While reefs have historically shown resilience, the rate and scale of current threats are overwhelming their ability to recover. Recovery from a mass bleaching event can take a decade or more, but if bleaching events occur every few years (as they are now), the reefs have no chance to regenerate.

5.2 Management and Mitigation Strategies

Sustainable management involves addressing both the global drivers (CO2 emissions) and the local stressors (pollution/development):

• Coastal Zone Management: Implementing stricter laws to control coastal development, dredging, and land clearing to reduce sediment runoff.
• Improved Water Quality: Working with farmers in drainage basins (like the GBR catchment) to improve fertilisation practices, reduce pesticide use, and restore riverside vegetation buffers to trap sediment.
• Marine Protected Areas (MPAs): Establishing 'No-Take Zones' where fishing and resource extraction are banned.
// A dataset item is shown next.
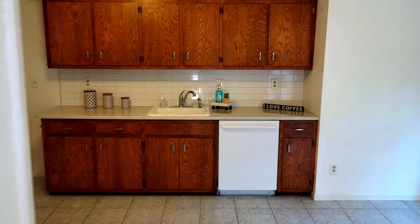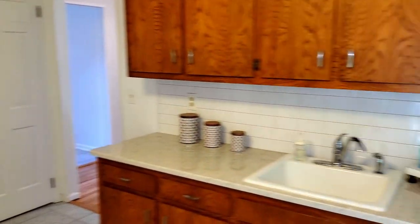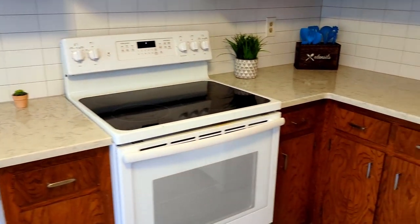The heart of this home is a large Eden kitchen with a new tile backsplash, ample counter space, and a bay window that offers breathtaking views. The kitchen is both functional and beautiful.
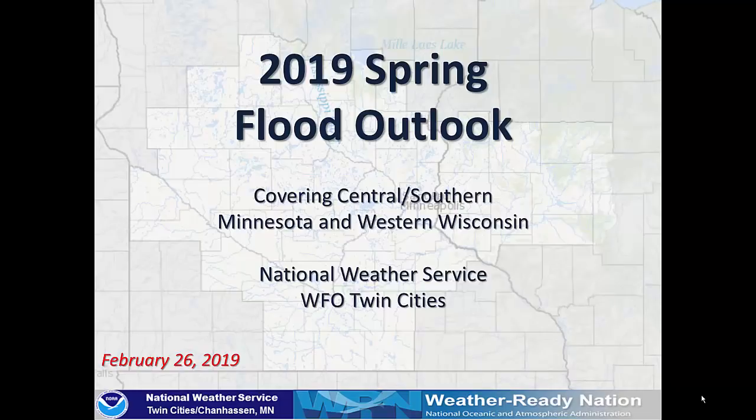This is the initial 2019 Spring Flood Outlook from the National Weather Service Twin Cities Office. We cover the Minnesota River Basin and Tributaries, the Upper Mississippi from Aitken to Wabasha and Tributaries, and the St. Croix, Chippewa, and Eau Claire River Basins in Wisconsin.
This allows fish populations to recover, restoring the ecological balance (like controlling algal grazers).
• Technological Solutions: Researching coral engineering—growing resilient coral species in labs to transplant onto damaged reefs, or developing methods to shade reefs during heatwaves.

Key Takeaway

Marine ecosystems, particularly coral reefs, are under extreme stress due to the synergistic effect of global warming (bleaching, acidification) and regional human pressures (pollution, sediment runoff). Their future depends on coordinated global action to limit CO2 emissions and disciplined local conservation management.